Two projects seek approval from Kuwait City municipality.
Atkins Middle East, the architecture and design firm, is set to have a major hand in defining the skyline of Kuwait City.
"Kuwait is essentially a blank canvas, which we hope to fill with signature buildings that reflect the ambitious aspirations of this successful economy," said Tim Askew, managing director of Atkins Middle East.
Atkins has been involved in some of Kuwait's government-sponsored transportation and residential developments since 1977, but it has only recently gained its commercial registration.
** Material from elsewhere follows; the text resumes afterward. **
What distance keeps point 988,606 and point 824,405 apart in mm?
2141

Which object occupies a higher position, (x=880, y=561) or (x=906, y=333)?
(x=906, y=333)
Apart from the futuristic needle-nosed Kuwait Towers in Kuwait City, architecturally speaking, the landscape of Kuwait is a barren expanse that is crying out for something, and some firm, to define it.
"This is a very exciting time-we have been in Kuwait for a long time with infrastructure jobs, and this presents an exciting opportunity to further influence the urban landscape," explained Askew.
Stringent building restrictions and exorbitant land prices are two reasons why Atkins counts itself as the only international firm with a ‘front-door office' in the country.
Atkins has designed four buildings for private Kuwaiti clients, one of which includes the 30-storey, 82,305m² Salmiya Hotel. Shaped like the head of a King Cobra poised to strike, the Salmiya Hotel-whose design was commissioned by Al-Fawareez-will be home to a 5-star hotel, an office park and commercial space. ‘The Cobra' is planned for the city of Salmiya, which is located near the Sultan Center and Laila Gallery, 12km southeast of Kuwait City. It is one of two Atkins designs currently seeking approval from the Kuwait City municipality.